Author-historian William Dalrymple demonstrates his culinary skills at New Delhi, shares experience

He whipped up a skillet of juicy tiger prawns in a jiffy, alongside a very season-appropriate and refreshing onion-mango salad with a dressing of lime and coriander
William Dalrymple cooking tiger prawns
William Dalrymple cooking tiger prawns

William Dalrymple’s social media is expectedly about the things he loves––books, history, arts and artefacts. Put the online feed of this author-historian under a magnifying glass, and you will find a soft spot, also for the culinary arts.
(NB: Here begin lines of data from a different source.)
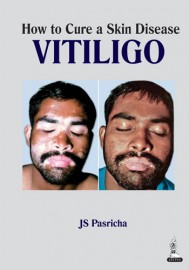How to Cure a Skin Disease VitiligoHow to Cure a Skin Disease Vitiligo
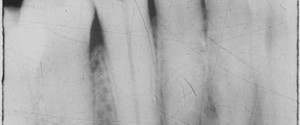 Case of the Week: Ameloblastoma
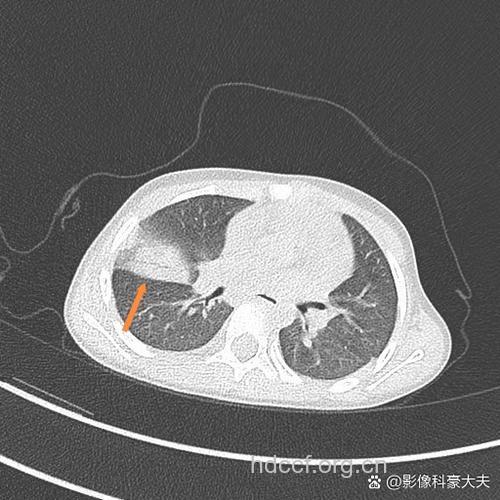 小儿肺炎要做CT吗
Once in every few months, a tweet from Dalrymple will pop up, talking about a restaurant he discovered, a recipe he relished, or simply articles about good, satisfying food. During the lockdown days, for instance, he wrote about how he enjoyed a meal from Delhi’s Mahabelly––“Yesterday’s banana-leaf wrapped prawn olathiyathu with coconut chutney & appam was purest spicy heaven.”
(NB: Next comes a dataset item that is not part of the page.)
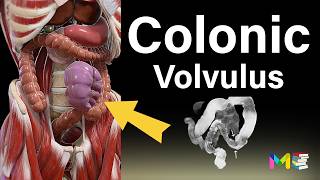 BOWEL OBSTRUCTION Colonic Volvulus [upl. by Consalve]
But the author-historian is more than just a food connoisseur. Dalrymple, is also an exemplary cook, definitely more than he cares to admit. He demonstrated his culinary skills at a recent cookout at a hotel in Delhi, where he whipped up a skillet of juicy tiger prawns in a jiffy, alongside a very season-appropriate and refreshing onion-mango salad with a dressing of lime and coriander.  

Cooking is merely an extension of his creative personality, he feels. “There are many different forms of creativity, and writing only uses one side of your brain and it is nice to dabble, in an amateur way, in other forms of creativity.

So I love my photography, and cooking. I wouldn’t, in any way, claim to be a great or a talented cook, or particularly a regular cook. But I love it,” says the author of City of Djinns. 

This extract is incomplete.